Auraria was a small mining settlement in the Kansas Territory in the United States. Today it survives in its original location as a neighborhood of Denver, Colorado, south of the confluence of Cherry Creek and the South Platte River.

Geography
Auraria is located in central Denver. It is just west of downtown Denver and is shaped roughly like a triangle. It borders Colfax Avenue on the south, Cherry Creek to the northeast, and South Platte River to the northwest.

History 
On October 3, 1858, a group of Georgia prospectors led by Green Russell establish the townsite of Auraria south of Cherry Creek near the Cherry Creek Diggings, over a month before a group of Kansas Territory speculators led by William Larimer established the rival Denver City on the other side of Cherry Creek. Henry Allen, a surveyor, laid the town platte and was Auraria town company's first president. The town was named for the gold mining settlement of Auraria, Georgia. On October 29, Charles H. Blake and A.J. Williams opened a mercantile business out of wagons in Auraria.

Henry Allen was the first postmaster of Auraria. On January 18, 1859, the first post office in the future State of Colorado opened in Auraria. On, April 15, 1859, ten delegates from six communities in the Pike's Peak Country met in convention at Dick Wooton’s store in Auraria to pass resolutions to organize a Provisional State of Jefferson. On April 23, William Byers published the first edition of the Rocky Mountain News, the Rocky Mountain region's first newspaper, at Auraria. At an election on September 24, voters rejected the proposed state, but on October 24, voters approved the establishment of the Provisional Government of the Territory of Jefferson.

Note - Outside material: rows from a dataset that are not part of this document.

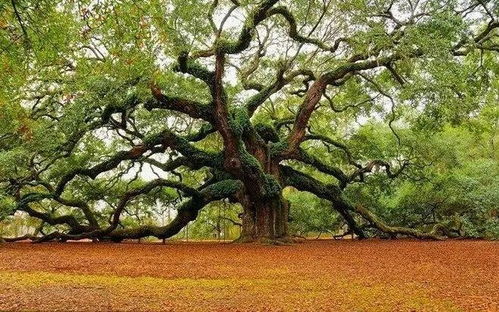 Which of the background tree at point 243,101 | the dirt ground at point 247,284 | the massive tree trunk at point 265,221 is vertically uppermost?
the background tree at point 243,101

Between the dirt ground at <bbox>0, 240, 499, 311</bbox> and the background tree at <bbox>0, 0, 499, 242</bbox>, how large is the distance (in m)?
3.31

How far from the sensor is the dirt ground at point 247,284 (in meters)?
4.88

Auraria ceased to exist as a separate town on December 3, 1859, when the Jefferson Territory granted a charter to the consolidated City of Denver, Auraria, and Highland, which would come to be known as just Denver City, the territorial capital and seat of Arrappahoe County. The Jefferson Territory was itself superseded on February 28, 1861, when U.S. President James Buchanan signed An Act to provide a temporary Government for the Territory of Colorado.

Auraria suffered a devastating flood on May 19, 1864. In response, many businesses left the neighborhood for Denver proper. Some speculate that Auraria never truly recovered from this event.

In the 1960s and 1970s, Auraria became the focal point for urban renewal in Denver. It was decided that the neighborhood would be converted to a campus to house the University of Colorado Denver, Metropolitan State University, and the Community College of Denver. Demolition of old Auraria began on March 10, 1973. A few buildings from old Auraria are still standing today.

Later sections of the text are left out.